Maximum coverage in minimal time

Question

Maximum coverage in minimal time

masaccio opened this issue a year ago · comments

Summary

Given a project where tests have been added incrementally over time and there is a significant amount of overlap between tests,
I'd like to be able to generate a list of tests that creates maximum coverage in minimal time. Clearly this is a pure coverage approach and doesn't guarantee that functional coverage is maintained, but this could be a good approach to identifying redundant tests.

I have a quick proof-of-concept that's not integrated into pytest that:

runs all tests with pytest-cov and --durations=0
processes CoverageData and the output of --durations=0 to generate a list of arcs/lines that are covered for each context
reduces the list of subsets using the set cover algorithm
optionally applies a coverage 'confidence' in the event you want a faster smoke test that has reduced coverage (say 95%).

I am happy to work on a PR and include tests, but before I do I wanted to gauge fit to your project's goals and if you'd rather not have this feature, I can always create a separate plugin for people who want it.

Ned Batchelder · Answer 1 · Thu Aug 10 2023 22:28:24 GMT+0800 (China Standard Time)

It sounds interesting! Do you have a link to your proof of concept?

Jon Connell · Answer 2 · Thu Aug 10 2023 23:28:11 GMT+0800 (China Standard Time)

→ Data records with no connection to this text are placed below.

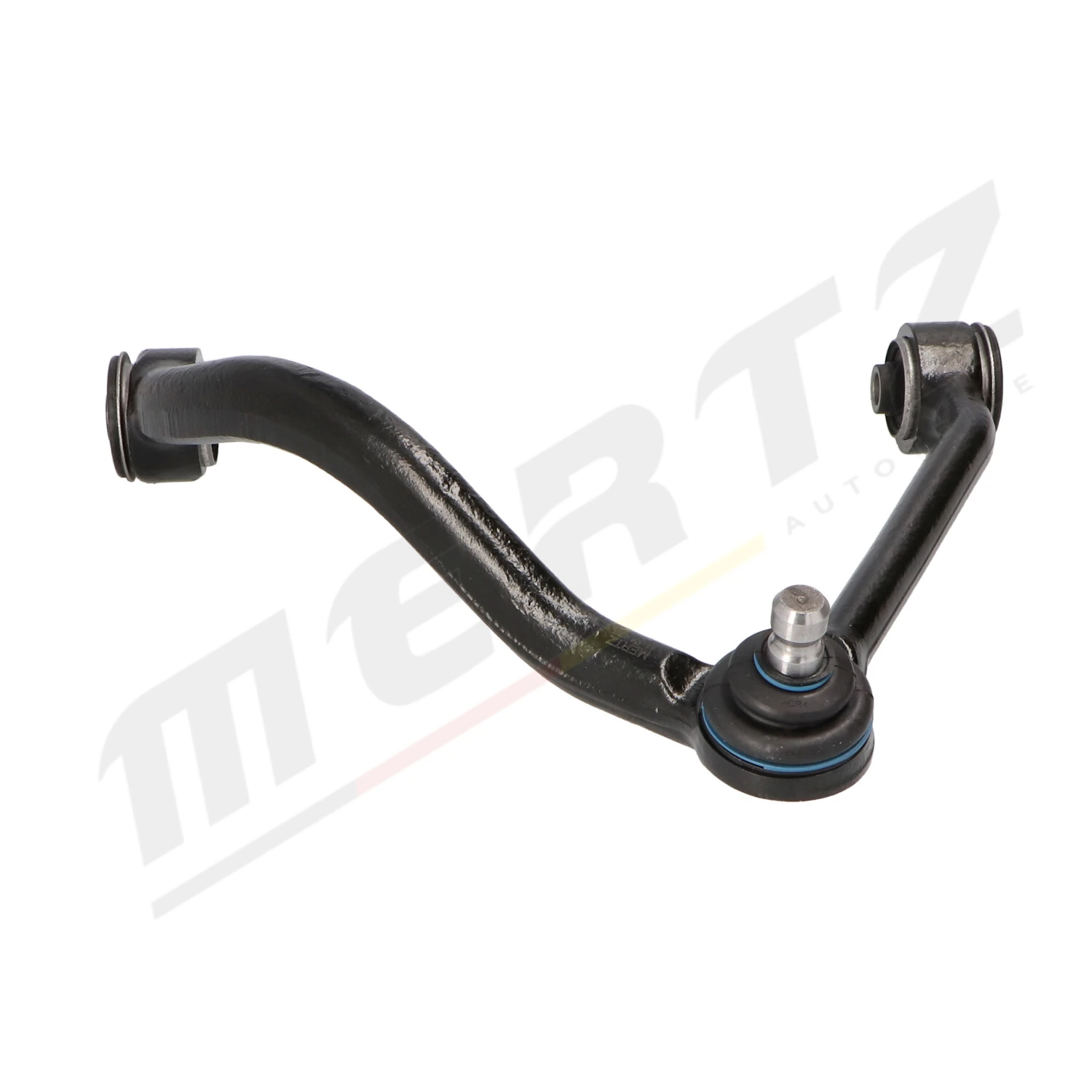 Control/Trailing Arm, wheel suspension M-S1872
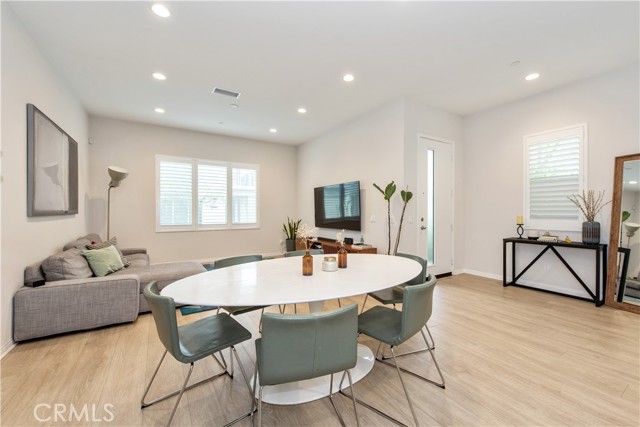 Property photo of 153 Spectacle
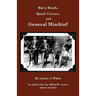 Barn Roofs, Quail Coveys, and General Mischief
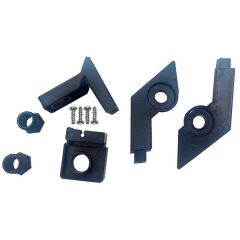 EXQ 40-20-42 FAR TAMİR KİTİ SOL PATENTLİ ÜRÜN PASSAT B6 06-11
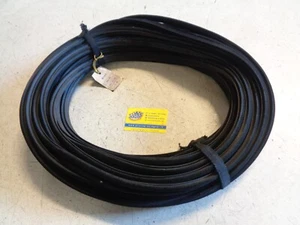 GUARNIZIONE SCORRI VETRO FIAT 127 - 128 - IN VELLUTO - PREZZO AL METRO - Imagen 1 de 3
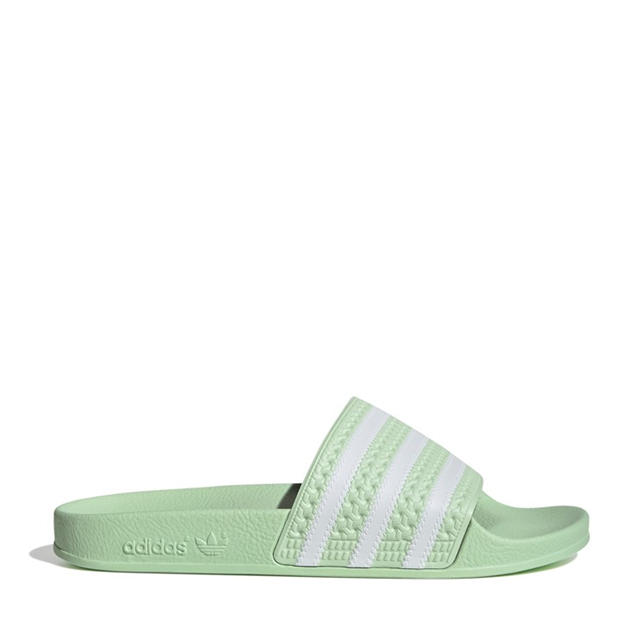 adidas Originals W Adilette Ld99,All Products : American Fashion Style Bags On Sale adidas Originals W Adilette Ld99,All Products : American Fashion Style Bags On Sale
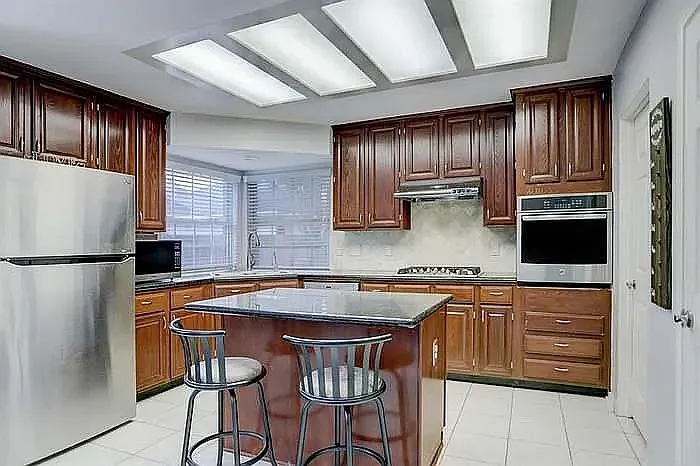 12503 Merit Way Ct — Photo 14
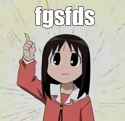 osakafgsfds.png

Sure: pretty basic code in this gist and a lash up in terms of integration, but tells me this is worth looking at for a broader set of packages using pytest.

But this works as expected on the tests I was trying to optimise:

#  Reports 100% coverage from 140 tests:
poetry run pytest --cov=src/numbers_parser \
                              --cov-report=term-missing:skip-covered \
                              --cov-context=test \
                              --durations=0 -n logical | tee duration.txt
# Generate the cover set
poetry run python3  maxcov.py > maxcov.txt
#  Reports 100% coverage from 91 tests:
poetry run pytest --cov=src/numbers_parser \
                              --cov-report=term-missing:skip-covered \
                              --cov-context=test \
                              -n logical `cat maxcov.txt`

Runtime is a bit over half as long, which isn't very long for this package anyway, but still.

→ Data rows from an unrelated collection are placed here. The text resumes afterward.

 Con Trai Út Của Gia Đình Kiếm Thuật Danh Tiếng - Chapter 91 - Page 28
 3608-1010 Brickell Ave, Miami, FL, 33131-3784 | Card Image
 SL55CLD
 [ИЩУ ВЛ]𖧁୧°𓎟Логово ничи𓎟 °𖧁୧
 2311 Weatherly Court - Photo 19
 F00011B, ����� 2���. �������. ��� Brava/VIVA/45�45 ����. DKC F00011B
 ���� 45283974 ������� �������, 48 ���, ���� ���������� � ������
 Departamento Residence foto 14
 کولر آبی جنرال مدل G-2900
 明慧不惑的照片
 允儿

Ned Batchelder · Answer 3 · Sat Aug 12 2023 06:42:01 GMT+0800 (China Standard Time)

I think this is very interesting! I don't see a reason to add it into pytest-cov though: it operates after the entire test run. If you package it independently, it can be used by people who don't use pytest-cov.

I tried running the code and ran into a few issues (needed -vvv to get all the durations, splitting the lines needed maxsplit=2 because my parameterized test names sometimes have spaces in them, I was using a data file other than .coverage). In the end, my output was "none", though I'm not sure if I wasn't capturing the contexts correctly.

Jon Connell · Answer 4 · Mon Sep 25 2023 02:47:21 GMT+0800 (China Standard Time)

Will close this issue since I have started development on https://pypi.org/project/pytest-maxcov/. I need to unpick how well this can work with contexts given measurement needs --cov-context=test .

@nedbat can you think of a reason why running pytest-cov in a subprocess in a different directory would interfere with coverage in the parent process? I am seeing pretty much zero coverage in the plugin's pytest run and I'm wondering whether .corverage is getting clobbered.

Ned Batchelder · Answer 5 · Tue Sep 26 2023 02:01:11 GMT+0800 (China Standard Time)

@masaccio I'm interested to see where maxcov goes. I'm sorry, but I don't know enough about the internals of pytest-cov to know whether there's interference like you might be seeing.